1) Utilizzo del codice TD20.

L’Agenzia delle Entrate ha chiarito che per le autofatture emesse per integrazione degli acquisti interni in “reverse charge” ex art. 17 comma 6, DPR 633/72, nel campo “Tipo Documento” deve essere indicato sempre il codice TD1 e non il codice TD20 che, invece, va esclusivamente usato per le autofatture da emettere per regolarizzare la mancata ricezione della fattura entro 4 mesi dall’effettuazione dell’operazione originaria.

2) Rapporti con l’estero ed emissione fatture elettroniche

Sono stati riscontrati degli errori bloccanti in sede di invio tramite Sdi, di fatture elettroniche verso soggetti esteri.
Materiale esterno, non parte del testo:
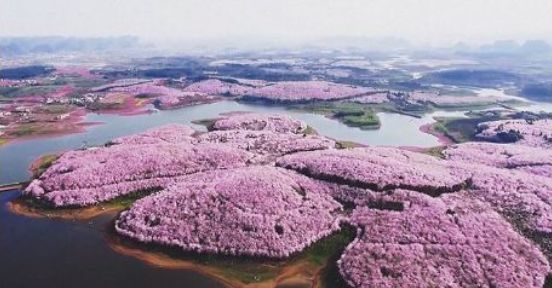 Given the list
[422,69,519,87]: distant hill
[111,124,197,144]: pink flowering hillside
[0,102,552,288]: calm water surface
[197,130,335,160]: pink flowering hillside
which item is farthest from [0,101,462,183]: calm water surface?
[422,69,519,87]: distant hill

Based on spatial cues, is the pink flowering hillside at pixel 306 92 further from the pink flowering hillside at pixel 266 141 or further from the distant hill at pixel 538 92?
the pink flowering hillside at pixel 266 141

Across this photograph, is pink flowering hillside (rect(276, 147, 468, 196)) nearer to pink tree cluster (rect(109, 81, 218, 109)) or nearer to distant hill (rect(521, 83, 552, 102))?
pink tree cluster (rect(109, 81, 218, 109))

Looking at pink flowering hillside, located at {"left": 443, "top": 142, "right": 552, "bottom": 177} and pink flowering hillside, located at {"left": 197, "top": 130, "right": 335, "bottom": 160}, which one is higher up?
pink flowering hillside, located at {"left": 197, "top": 130, "right": 335, "bottom": 160}

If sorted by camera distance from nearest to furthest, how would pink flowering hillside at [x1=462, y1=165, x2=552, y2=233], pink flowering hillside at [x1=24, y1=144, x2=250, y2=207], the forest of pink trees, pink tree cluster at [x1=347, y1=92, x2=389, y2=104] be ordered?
the forest of pink trees < pink flowering hillside at [x1=462, y1=165, x2=552, y2=233] < pink flowering hillside at [x1=24, y1=144, x2=250, y2=207] < pink tree cluster at [x1=347, y1=92, x2=389, y2=104]

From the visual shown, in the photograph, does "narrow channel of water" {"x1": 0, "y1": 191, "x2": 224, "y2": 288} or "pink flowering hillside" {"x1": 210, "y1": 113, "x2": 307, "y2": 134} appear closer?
"narrow channel of water" {"x1": 0, "y1": 191, "x2": 224, "y2": 288}

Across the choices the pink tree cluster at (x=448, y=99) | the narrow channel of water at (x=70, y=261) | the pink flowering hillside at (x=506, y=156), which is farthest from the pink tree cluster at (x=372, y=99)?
the narrow channel of water at (x=70, y=261)

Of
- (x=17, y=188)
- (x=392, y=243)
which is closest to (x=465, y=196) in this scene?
(x=392, y=243)

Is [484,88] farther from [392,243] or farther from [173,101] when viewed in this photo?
[392,243] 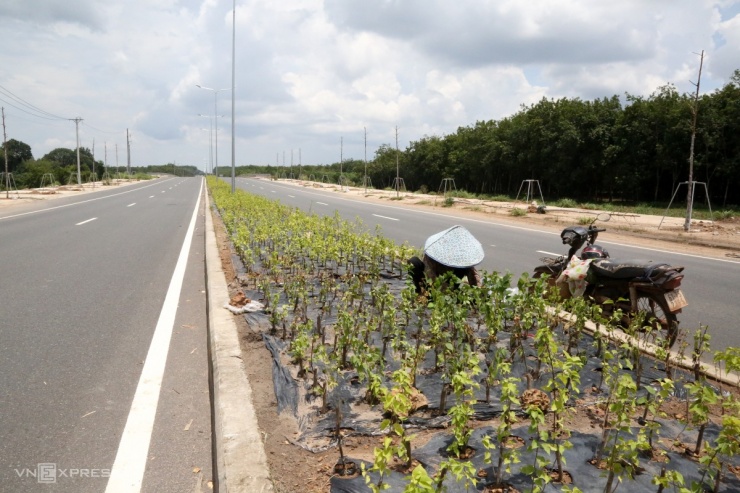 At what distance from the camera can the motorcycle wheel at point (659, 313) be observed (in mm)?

In particolare:

  • Indicazione del CAP: si tratta di un campo obbligatorio ma che accoglie solo valori numerici ed ha una lunghezza di 5 caratteri. Si consiglia di inserire un valore convenzionale per es. “00000”.
  • Indicazione del codice fiscale nel caso di cliente persona fisica non residente: il sistema procede al controllo del codice fiscale nel Sistema Anagrafe tributaria nazionale. Se il codice non risulta esistente la fattura viene scartata. Si consiglia di risolvere il problema indicando un valore convenzionale composto dal codice paese e un qualsiasi elemento identificativo del cliente (es: CH oppure DE + name o surname).

3) Fatture emesse a soggetti titolari di partita Iva/codice fiscale

Nelle fatture elettroniche emessa a persone fisiche titolari di partita Iva, non va compilato il campo CODICE FISCALE, ad eccezione del caso in cui l’acquisto da parte del soggetto medesimo avvenga nell’ambito della sfera privata e non nell’ambito dell’attività d’impresa arte o professione.